_TRY IT_
Find the line below with "Refined Interest Gentle Doe 828" and the line with "Dr. Tracy Rene". Output them and the lines between, exactly, but not the pictures.

_EXERCISE INPUT_
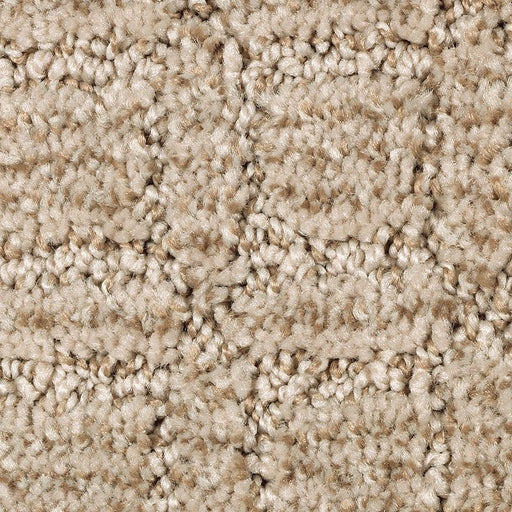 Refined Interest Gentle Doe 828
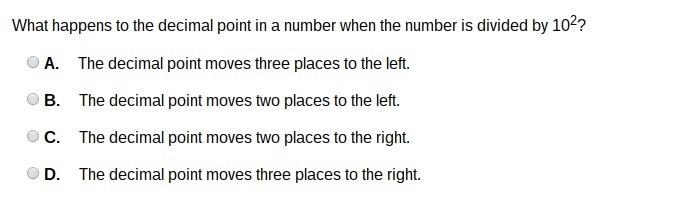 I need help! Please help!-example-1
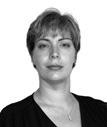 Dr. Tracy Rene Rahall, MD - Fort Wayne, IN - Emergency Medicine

...

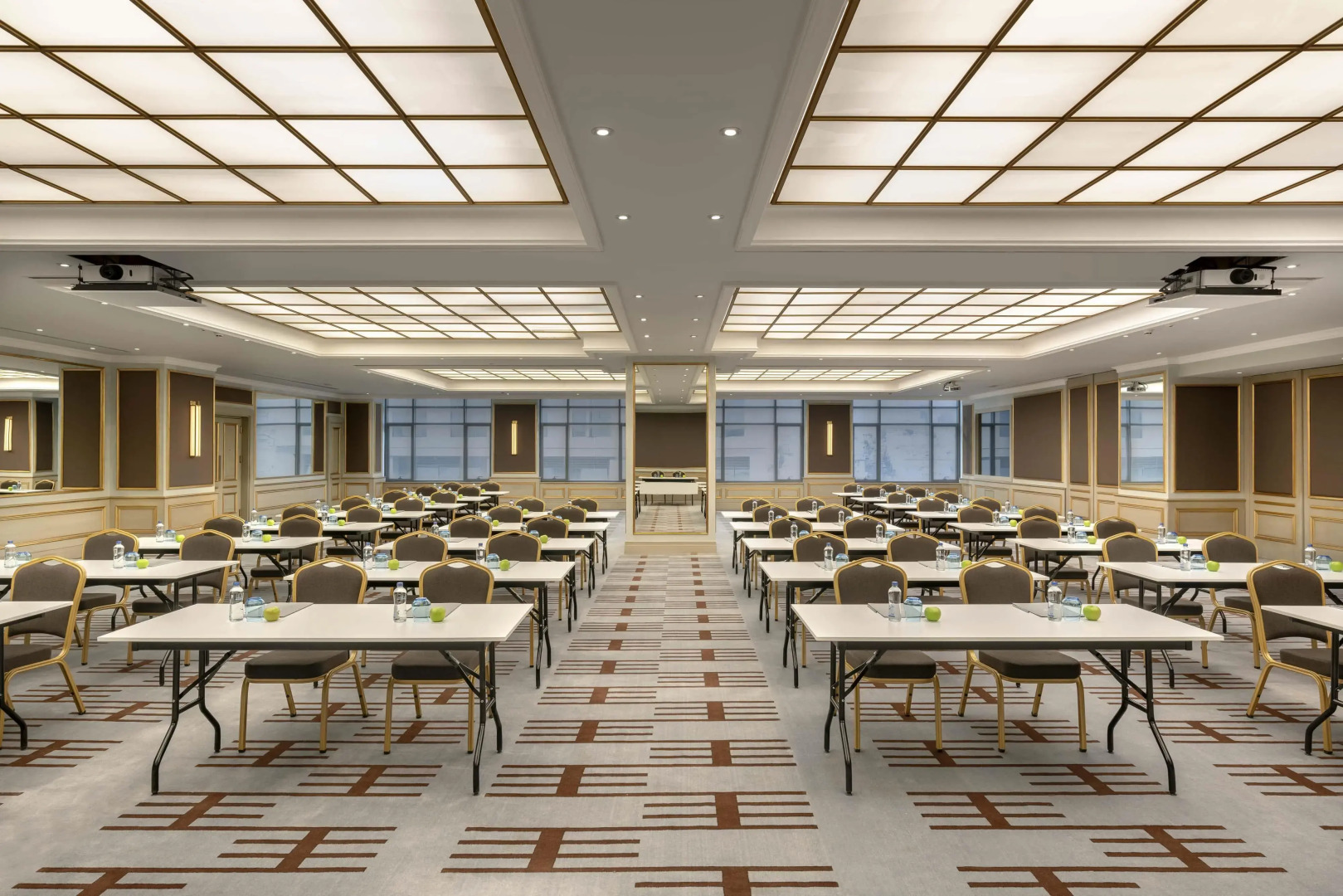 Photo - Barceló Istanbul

_WRITTEN ANSWER_
 Refined Interest Gentle Doe 828
 I need help! Please help!-example-1
 Dr. Tracy Rene Rahall, MD - Fort Wayne, IN - Emergency Medicine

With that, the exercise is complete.